Task item> Extract precisely the lines of the entries below, from the first line through the line containing "14 fotografías del".
BEGIN Input records
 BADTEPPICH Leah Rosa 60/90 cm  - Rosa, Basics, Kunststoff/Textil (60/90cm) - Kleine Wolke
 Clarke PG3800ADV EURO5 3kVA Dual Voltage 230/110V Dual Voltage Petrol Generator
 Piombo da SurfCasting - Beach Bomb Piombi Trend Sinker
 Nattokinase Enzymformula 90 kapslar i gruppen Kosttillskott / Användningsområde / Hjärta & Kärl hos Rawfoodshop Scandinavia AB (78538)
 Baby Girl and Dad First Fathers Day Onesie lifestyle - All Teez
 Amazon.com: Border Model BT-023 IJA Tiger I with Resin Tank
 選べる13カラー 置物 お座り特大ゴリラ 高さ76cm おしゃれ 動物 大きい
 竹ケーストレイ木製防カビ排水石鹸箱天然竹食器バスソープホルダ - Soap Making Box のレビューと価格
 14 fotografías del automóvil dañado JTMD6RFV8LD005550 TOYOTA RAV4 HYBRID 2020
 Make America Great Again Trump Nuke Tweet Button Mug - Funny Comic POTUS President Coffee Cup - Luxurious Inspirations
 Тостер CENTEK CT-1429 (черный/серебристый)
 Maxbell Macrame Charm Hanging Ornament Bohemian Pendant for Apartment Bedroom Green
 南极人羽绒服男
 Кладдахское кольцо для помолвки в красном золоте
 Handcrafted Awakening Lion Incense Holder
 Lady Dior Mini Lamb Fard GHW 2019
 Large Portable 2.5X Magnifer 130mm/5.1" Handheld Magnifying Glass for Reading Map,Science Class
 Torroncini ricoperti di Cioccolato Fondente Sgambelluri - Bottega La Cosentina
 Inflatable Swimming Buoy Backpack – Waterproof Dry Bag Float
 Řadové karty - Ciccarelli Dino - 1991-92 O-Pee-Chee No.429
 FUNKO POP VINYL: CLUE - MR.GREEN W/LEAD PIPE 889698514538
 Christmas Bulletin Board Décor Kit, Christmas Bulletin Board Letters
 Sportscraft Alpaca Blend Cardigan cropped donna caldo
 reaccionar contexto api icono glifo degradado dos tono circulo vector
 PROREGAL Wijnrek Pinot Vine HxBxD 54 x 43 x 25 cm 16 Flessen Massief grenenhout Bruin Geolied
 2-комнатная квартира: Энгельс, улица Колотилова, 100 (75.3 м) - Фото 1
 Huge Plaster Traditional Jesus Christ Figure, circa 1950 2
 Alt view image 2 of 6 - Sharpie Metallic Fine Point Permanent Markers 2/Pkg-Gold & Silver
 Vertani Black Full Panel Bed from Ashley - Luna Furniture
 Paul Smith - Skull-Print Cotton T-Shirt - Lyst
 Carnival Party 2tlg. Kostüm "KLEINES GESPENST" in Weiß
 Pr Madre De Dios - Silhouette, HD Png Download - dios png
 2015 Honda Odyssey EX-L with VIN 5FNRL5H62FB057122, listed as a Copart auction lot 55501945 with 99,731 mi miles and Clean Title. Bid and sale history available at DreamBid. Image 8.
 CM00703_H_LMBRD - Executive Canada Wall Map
END Input records
Solution>
 BADTEPPICH Leah Rosa 60/90 cm  - Rosa, Basics, Kunststoff/Textil (60/90cm) - Kleine Wolke
 Clarke PG3800ADV EURO5 3kVA Dual Voltage 230/110V Dual Voltage Petrol Generator
 Piombo da SurfCasting - Beach Bomb Piombi Trend Sinker
 Nattokinase Enzymformula 90 kapslar i gruppen Kosttillskott / Användningsområde / Hjärta & Kärl hos Rawfoodshop Scandinavia AB (78538)
 Baby Girl and Dad First Fathers Day Onesie lifestyle - All Teez
 Amazon.com: Border Model BT-023 IJA Tiger I with Resin Tank
 選べる13カラー 置物 お座り特大ゴリラ 高さ76cm おしゃれ 動物 大きい
 竹ケーストレイ木製防カビ排水石鹸箱天然竹食器バスソープホルダ - Soap Making Box のレビューと価格
 14 fotografías del automóvil dañado JTMD6RFV8LD005550 TOYOTA RAV4 HYBRID 2020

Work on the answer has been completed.